- [Supplied data]:
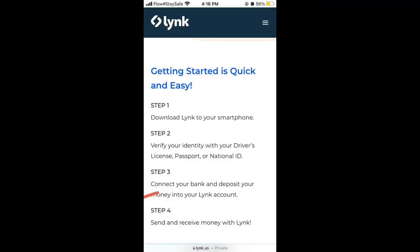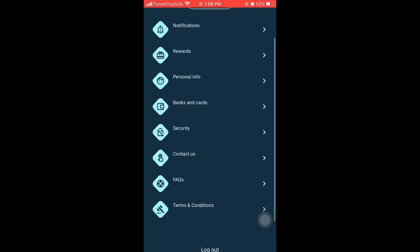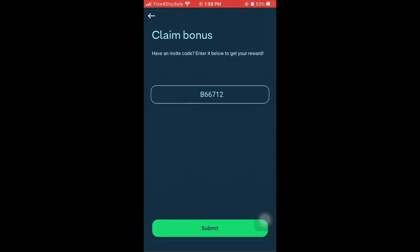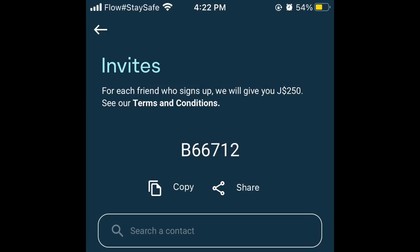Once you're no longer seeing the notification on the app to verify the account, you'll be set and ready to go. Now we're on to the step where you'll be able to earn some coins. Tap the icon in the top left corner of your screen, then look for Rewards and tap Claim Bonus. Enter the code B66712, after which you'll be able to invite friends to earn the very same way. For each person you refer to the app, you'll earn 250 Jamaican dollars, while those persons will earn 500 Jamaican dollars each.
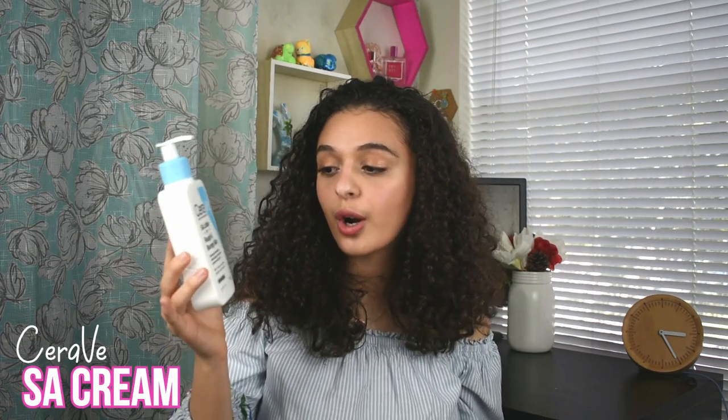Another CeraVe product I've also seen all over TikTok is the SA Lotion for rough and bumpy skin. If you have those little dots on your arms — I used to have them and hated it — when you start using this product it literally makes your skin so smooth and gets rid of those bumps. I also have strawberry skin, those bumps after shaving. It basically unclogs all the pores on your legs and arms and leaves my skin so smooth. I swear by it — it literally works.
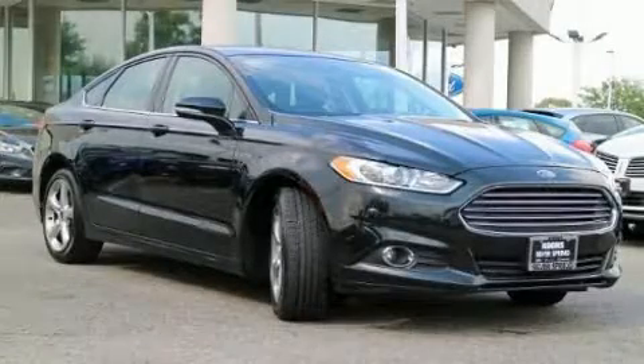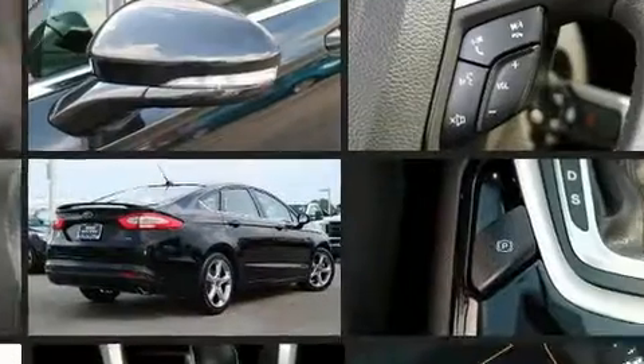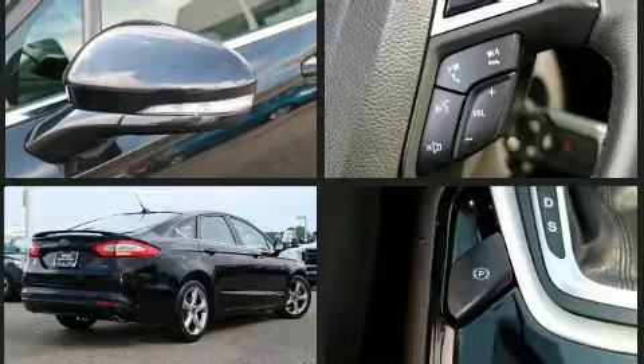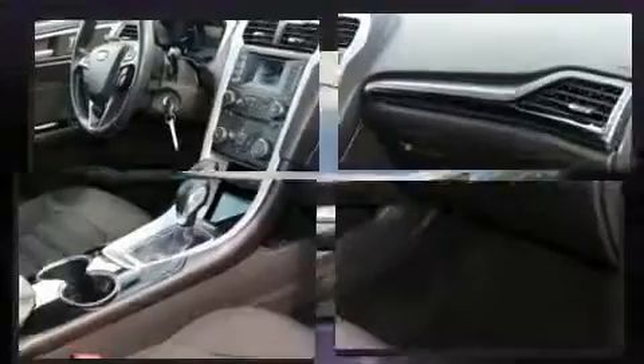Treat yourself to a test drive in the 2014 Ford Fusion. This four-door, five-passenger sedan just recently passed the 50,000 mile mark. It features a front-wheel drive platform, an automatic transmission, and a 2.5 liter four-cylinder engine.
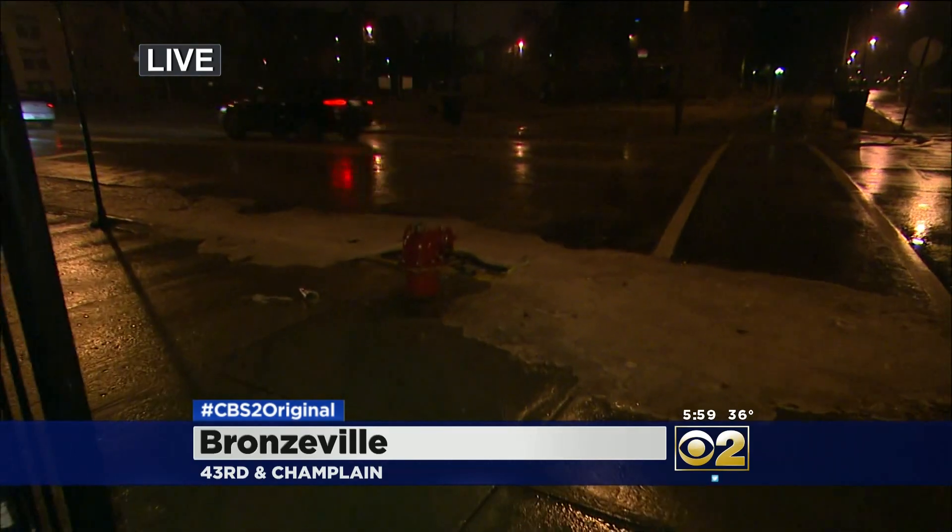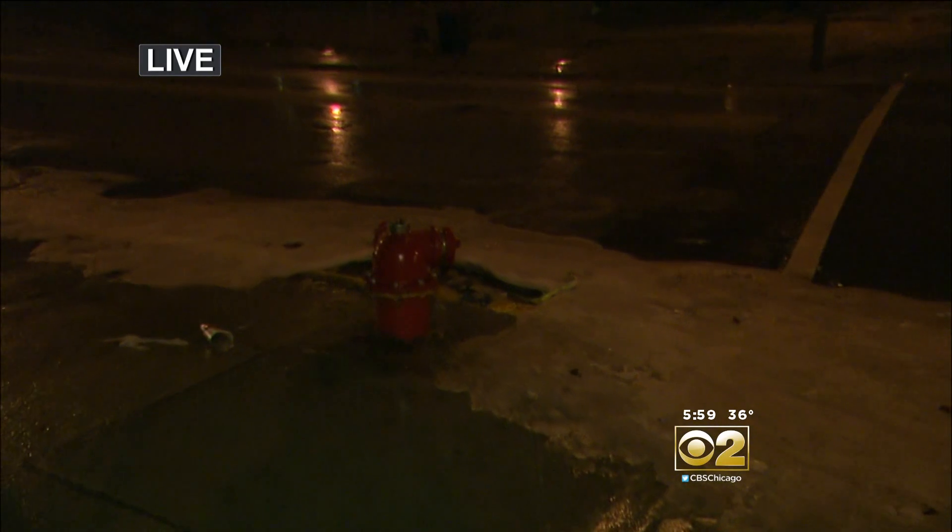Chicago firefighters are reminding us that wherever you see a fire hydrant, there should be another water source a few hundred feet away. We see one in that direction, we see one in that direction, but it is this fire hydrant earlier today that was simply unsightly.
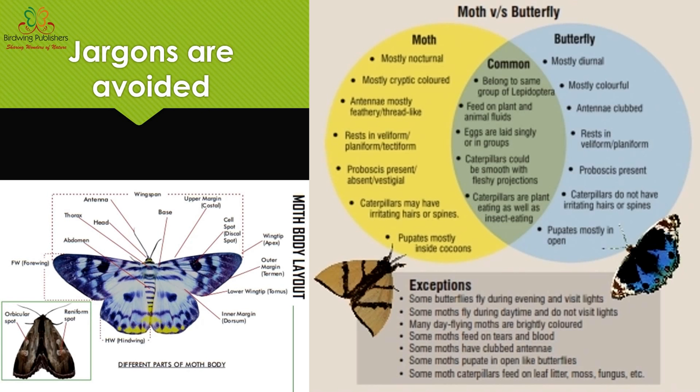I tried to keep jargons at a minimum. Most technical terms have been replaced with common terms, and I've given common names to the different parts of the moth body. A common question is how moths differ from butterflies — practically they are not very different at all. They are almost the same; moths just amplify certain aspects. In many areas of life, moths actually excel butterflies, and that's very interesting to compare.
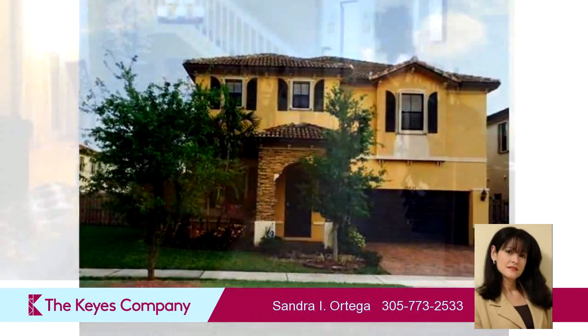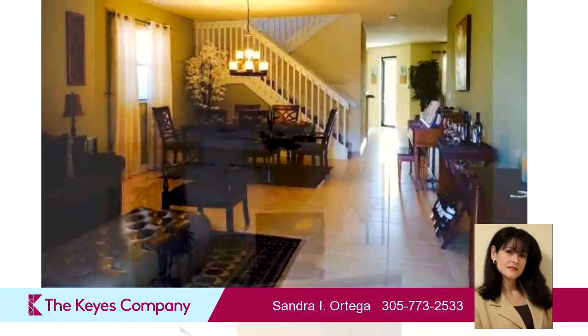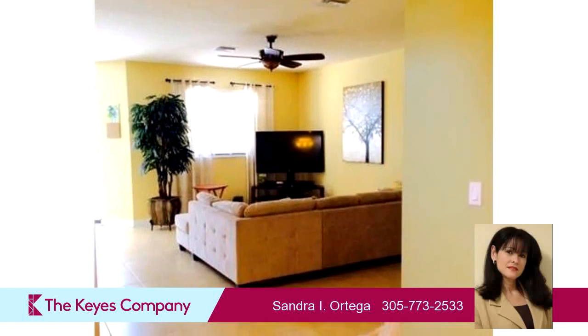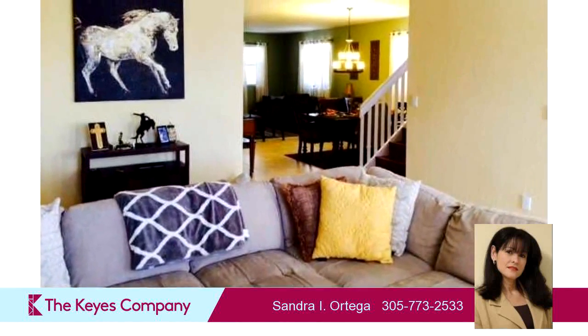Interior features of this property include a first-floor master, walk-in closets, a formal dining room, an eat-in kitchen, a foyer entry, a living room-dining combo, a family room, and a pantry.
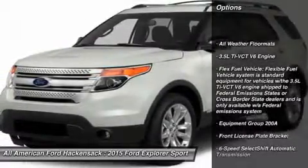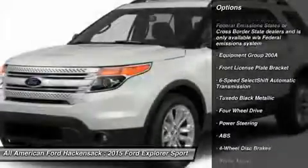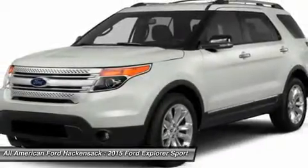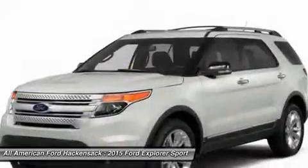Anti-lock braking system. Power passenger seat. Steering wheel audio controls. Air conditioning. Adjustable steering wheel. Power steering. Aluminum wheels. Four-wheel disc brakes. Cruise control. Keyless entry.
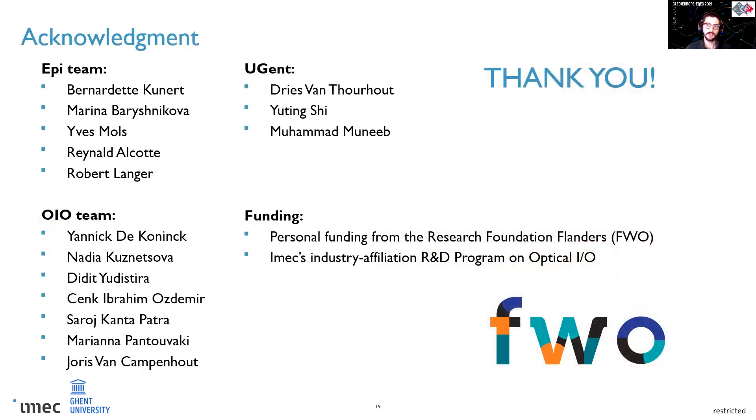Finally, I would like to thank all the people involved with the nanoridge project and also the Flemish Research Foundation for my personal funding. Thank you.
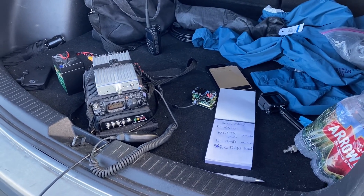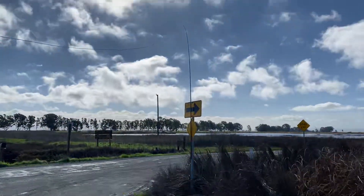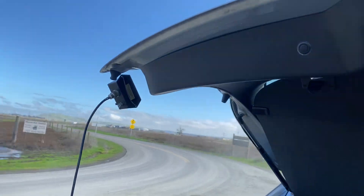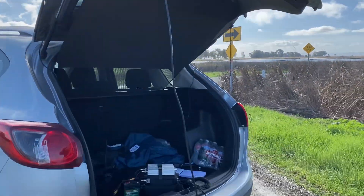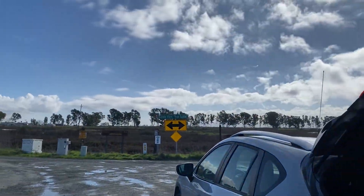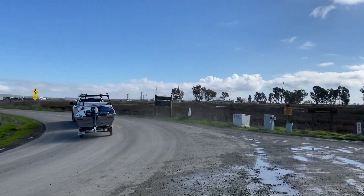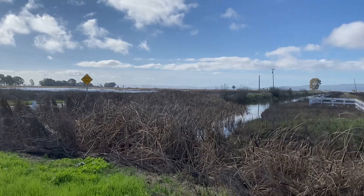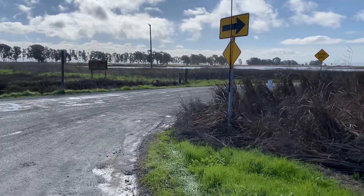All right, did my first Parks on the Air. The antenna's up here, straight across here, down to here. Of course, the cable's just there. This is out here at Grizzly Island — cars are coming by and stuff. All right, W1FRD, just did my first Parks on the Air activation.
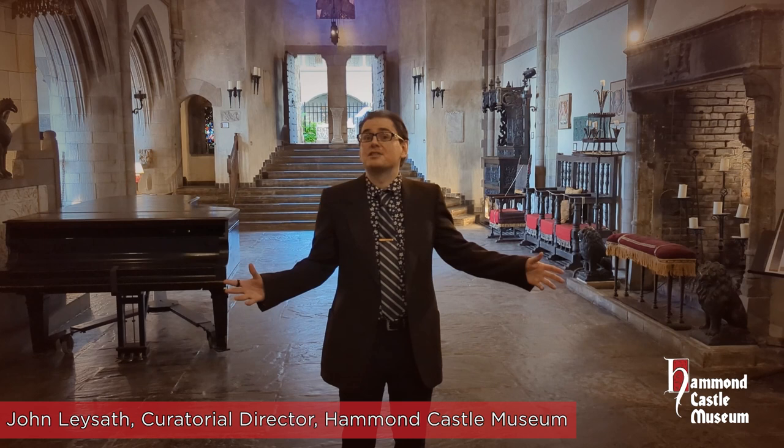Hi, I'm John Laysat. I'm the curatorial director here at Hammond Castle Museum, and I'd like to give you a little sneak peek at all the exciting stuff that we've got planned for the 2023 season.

- [Exercise directions]: The expected output is the lines above from the one containing "I tried to keep" to the one containing "Finally, I would", both ends included, reproduced exactly with every picture left out.

- [Result of this exercise]:
I tried to keep jargons at a minimum. Most technical terms have been replaced with common terms, and I've given common names to the different parts of the moth body. A common question is how moths differ from butterflies — practically they are not very different at all. They are almost the same; moths just amplify certain aspects. In many areas of life, moths actually excel butterflies, and that's very interesting to compare.
Interior features of this property include a first-floor master, walk-in closets, a formal dining room, an eat-in kitchen, a foyer entry, a living room-dining combo, a family room, and a pantry.
Anti-lock braking system. Power passenger seat. Steering wheel audio controls. Air conditioning. Adjustable steering wheel. Power steering. Aluminum wheels. Four-wheel disc brakes. Cruise control. Keyless entry.
Finally, I would like to thank all the people involved with the nanoridge project and also the Flemish Research Foundation for my personal funding. Thank you.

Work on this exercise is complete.